### PROBLEM TO WORK ON
If a line below contains the string "algorithm", copy it out.

= Beginning of Section =

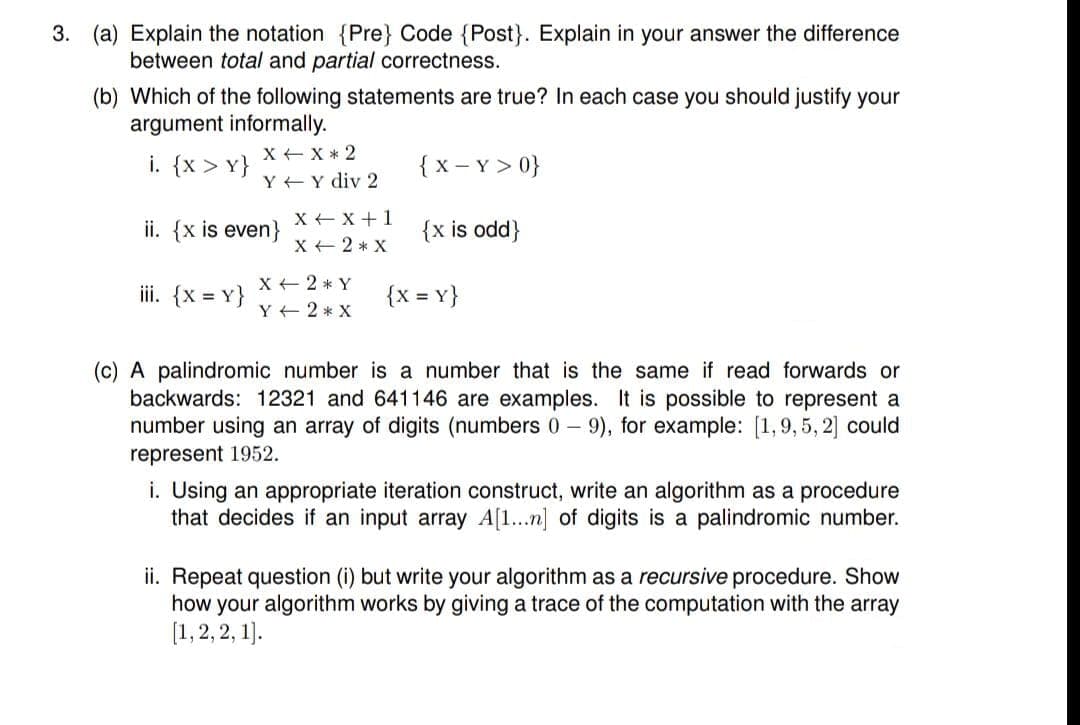 3. (a) Explain the notation {Pre} Code {Post}. Explain in your answer the difference
between total and partial correctness.
(b) Which of the following statements are true? In each case you should justify your
argument informally.
X + X* 2
i. {x > Y}
{ x - Y > 0}
Y +Y div 2
ii. {x is even}
X + X +1
X + 2 * X
{x is odd}
X + 2 * Y
iii. {x = Y}
{x = Y}
Y + 2 * X
(c) A palindromic number is a number that is the same if read forwards or
backwards: 12321 and 641146 are examples. It is possible to represent a
number using an array of digits (numbers 0 - 9), for example: [1,9, 5, 2] could
represent 1952.
i. Using an appropriate iteration construct, write an algorithm as a procedure
that decides if an input array A[1...n] of digits is a palindromic number.
ii. Repeat question (i) but write your algorithm as a recursive procedure. Show
how your algorithm works by giving a trace of the computation with the array
[1, 2, 2, 1).
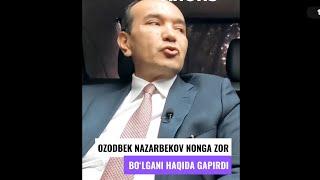 Ozodbek Nazarbekov nonga zor bo’lgani haqida gapirdi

= End of Section =

### EXERCISE RESULT
i. Using an appropriate iteration construct, write an algorithm as a procedure
ii. Repeat question (i) but write your algorithm as a recursive procedure. Show
how your algorithm works by giving a trace of the computation with the array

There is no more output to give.